_WORK TO BE COMPLETED_
Repeat verbatim what the listing holds, but not its pictures.

_INFORMATION SHOWN_

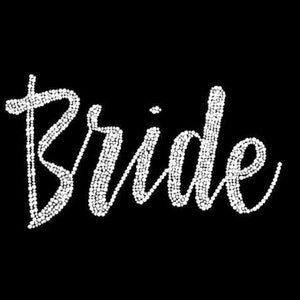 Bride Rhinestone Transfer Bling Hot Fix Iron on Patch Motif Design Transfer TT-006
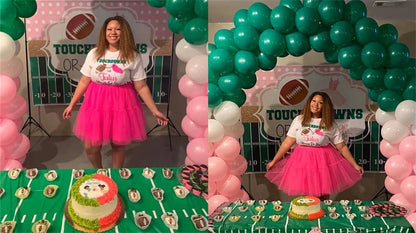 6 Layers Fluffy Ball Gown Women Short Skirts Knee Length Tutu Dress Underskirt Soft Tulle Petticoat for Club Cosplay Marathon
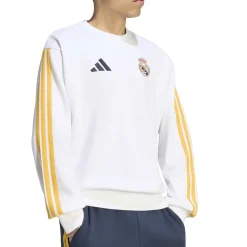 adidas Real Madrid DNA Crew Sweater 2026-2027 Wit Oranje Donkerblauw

_TASK SOLUTION_
 Bride Rhinestone Transfer Bling Hot Fix Iron on Patch Motif Design Transfer TT-006
 6 Layers Fluffy Ball Gown Women Short Skirts Knee Length Tutu Dress Underskirt Soft Tulle Petticoat for Club Cosplay Marathon
 adidas Real Madrid DNA Crew Sweater 2026-2027 Wit Oranje Donkerblauw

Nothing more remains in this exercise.